◆ Exercise inputs ◆
== == ==
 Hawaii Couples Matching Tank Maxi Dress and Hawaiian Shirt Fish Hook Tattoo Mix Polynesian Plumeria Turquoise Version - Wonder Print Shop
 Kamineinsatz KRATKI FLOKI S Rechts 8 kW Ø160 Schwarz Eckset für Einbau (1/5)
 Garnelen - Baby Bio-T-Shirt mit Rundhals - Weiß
== == ==
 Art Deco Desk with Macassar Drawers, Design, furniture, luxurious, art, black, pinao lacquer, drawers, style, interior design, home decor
== == ==
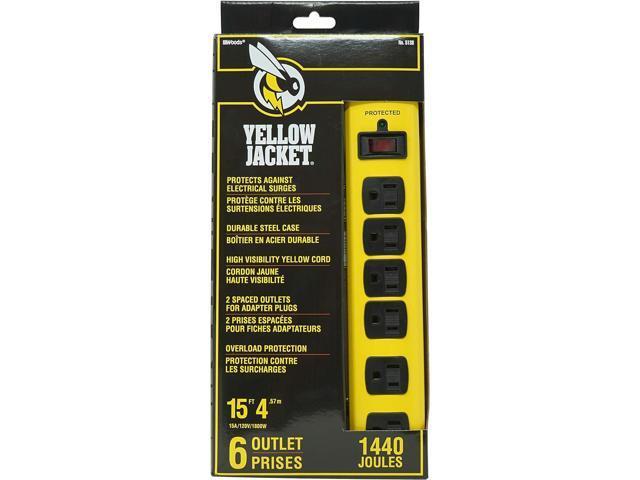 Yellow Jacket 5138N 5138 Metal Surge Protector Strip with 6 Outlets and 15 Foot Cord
== == ==
◆ Exercise directions ◆
Gather from the entries above all lines that include the string "Shirt".

◆ Response box ◆
 Hawaii Couples Matching Tank Maxi Dress and Hawaiian Shirt Fish Hook Tattoo Mix Polynesian Plumeria Turquoise Version - Wonder Print Shop
 Garnelen - Baby Bio-T-Shirt mit Rundhals - Weiß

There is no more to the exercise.